Unlike defence, where DIPP had suggested 74% FDI, it had left the issue of overseas investment caps open for debate in multi-brand retail.
Expressing hope that a decision would be taken by October, Mr Singh said, "We would like to take the views of stakeholders. I am trying to find a solution, which we think is optimal."
The issue is considered politically sensitive as over 90% of India's retail trade is in the unorganised sector — with kirana shops employing as many as 33 million people.
FDI is allowed only in single brand retail to the extent of 51%, while 100% is permitted in the cash-and-carry (wholesale) business. Domestic organised industry players are of the opinion that the sector should be opened up to foreign investment.
Single brand retail is mostly in sportswear and luxury brands.
Meanwhile, commerce and industry minister Anand Sharma is trying to allay concerns of possible job losses. "I definitely won't agree that there will be loss of jobs due to FDI," Mr Sharma had said in Singapore recently.
Bharti Group chief Sunil Mittal, who supported the move, opined that mere cash-and-carry was not enough. "Until we have end-to-end possibility, it won't work," Mr Mittal said.
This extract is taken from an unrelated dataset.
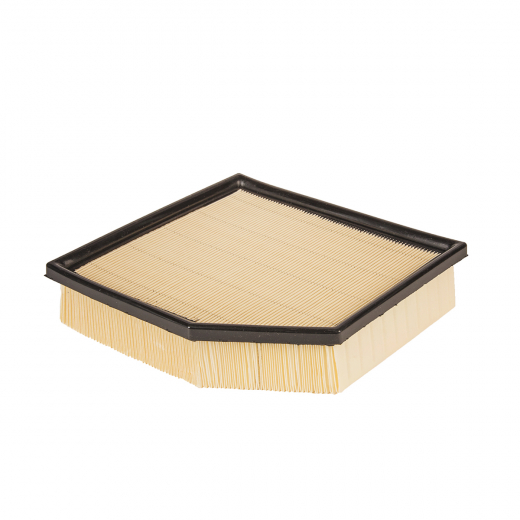 Фильтр воздушный Just Drive JDA0100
His group has a joint venture in the cash-and-carry segment with global giant Wal-Mart.
If allowed, global retailers like Wal-Mart, Tesco, Carrefour and Metro would be free to open front-end outlets for selling an array of products.
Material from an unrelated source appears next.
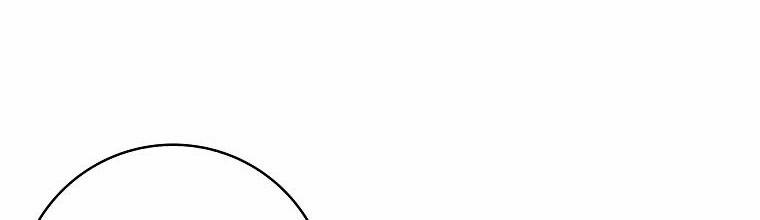 Mẹ Chồng Phản Diện Đáng Yêu 20.5 trang 127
Mr Singh said that his department is sure India would be benefitted if overseas investment was allowed in defence production. This was the reason for the department proposing a high FDI cap of 74% in the sector, he said, adding that even 100% would be desirable.
However, the issue becomes more sensitive when it comes to retail, he said.
"In defence, we were 100% sure that it will be a win-win situation, and it means nothing but good for the country's gross domestic product (GDP) and manufacturing sector...as far as multi-brand retail, there are some concerns," he said.